Abstract
Fault diagnosis plays an important role in ensuring safe and efficient chemical production. This
study explores methodologies that integrate simulation and data analytics for fault diagnosis.
Such integration is motivated by the advances in modelling and computing capabilities and
strength of data-driven methods in utilising simulated and historical data. The project explores
three research avenues along this direction.
The first avenue considers to train deep learning model for classifying fault sample and use
simulated data to overcome the fault data scarcity. Its practical implementation faces two
challenges: 1) the discrepancy between simulation and physical domains; 2) the problem of
non-identical fault label sets across the two domains. We use advanced transfer learning
techniques to address them. Case studies show the feasibility of integrating computer
simulation and transfer learning for fault diagnosis, necessity of using special transfer learning
models in presence of non-identical fault label sets, and advantages of our models over
compared traditional alternatives.
The second avenue focuses on diagnosing both single and multiple faults and fault of different
magnitude, motivated by: 1) the occurred fault can have a different magnitude from simulated
or historical faults; 2) diagnosing multiple faults is an important but challenging problem. For
this purpose, we propose an approach that integrates pattern matching and online simulation.

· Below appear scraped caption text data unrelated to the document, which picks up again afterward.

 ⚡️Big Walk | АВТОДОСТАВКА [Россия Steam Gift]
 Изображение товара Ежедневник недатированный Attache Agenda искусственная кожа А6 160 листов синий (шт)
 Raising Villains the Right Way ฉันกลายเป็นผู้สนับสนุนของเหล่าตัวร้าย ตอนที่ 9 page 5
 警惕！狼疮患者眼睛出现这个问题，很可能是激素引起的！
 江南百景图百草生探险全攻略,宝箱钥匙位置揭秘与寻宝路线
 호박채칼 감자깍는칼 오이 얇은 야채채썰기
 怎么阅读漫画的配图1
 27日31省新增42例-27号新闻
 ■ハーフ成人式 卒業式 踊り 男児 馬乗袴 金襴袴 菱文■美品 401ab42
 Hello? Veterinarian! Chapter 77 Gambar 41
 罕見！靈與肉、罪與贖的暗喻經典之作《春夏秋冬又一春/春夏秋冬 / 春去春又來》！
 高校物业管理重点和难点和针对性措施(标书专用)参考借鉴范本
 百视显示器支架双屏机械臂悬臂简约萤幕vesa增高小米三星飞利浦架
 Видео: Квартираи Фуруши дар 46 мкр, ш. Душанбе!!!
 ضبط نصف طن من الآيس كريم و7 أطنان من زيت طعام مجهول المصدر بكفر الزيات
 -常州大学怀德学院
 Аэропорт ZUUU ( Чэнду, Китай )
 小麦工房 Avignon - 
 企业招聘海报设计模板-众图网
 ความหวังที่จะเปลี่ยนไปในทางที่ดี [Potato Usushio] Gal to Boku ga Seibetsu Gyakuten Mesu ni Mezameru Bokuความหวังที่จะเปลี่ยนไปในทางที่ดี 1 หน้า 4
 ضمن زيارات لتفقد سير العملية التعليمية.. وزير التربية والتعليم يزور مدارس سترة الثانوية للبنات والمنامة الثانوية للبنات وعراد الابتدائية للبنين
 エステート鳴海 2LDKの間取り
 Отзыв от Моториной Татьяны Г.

Case studies show its effectiveness in fault diagnosis and estimating the magnitude and
occurrence time of fault.
The third avenue focuses on Active Fault Diagnosis (AFD) for enhancing diagnosability. In AFD,
system inputs are deliberately designed to increase the discriminative information in the data,
resulting in improved diagnosis performance. We discuss a new AFD method which considers
fault magnitude uncertainty, constrained state estimation, and decentralized implementation
for reducing computational complexity. Experiments demonstrate its performance over
passive diagnosis and traditional AFD method. Its decentralized implementation presents
slightly degraded but acceptable performance.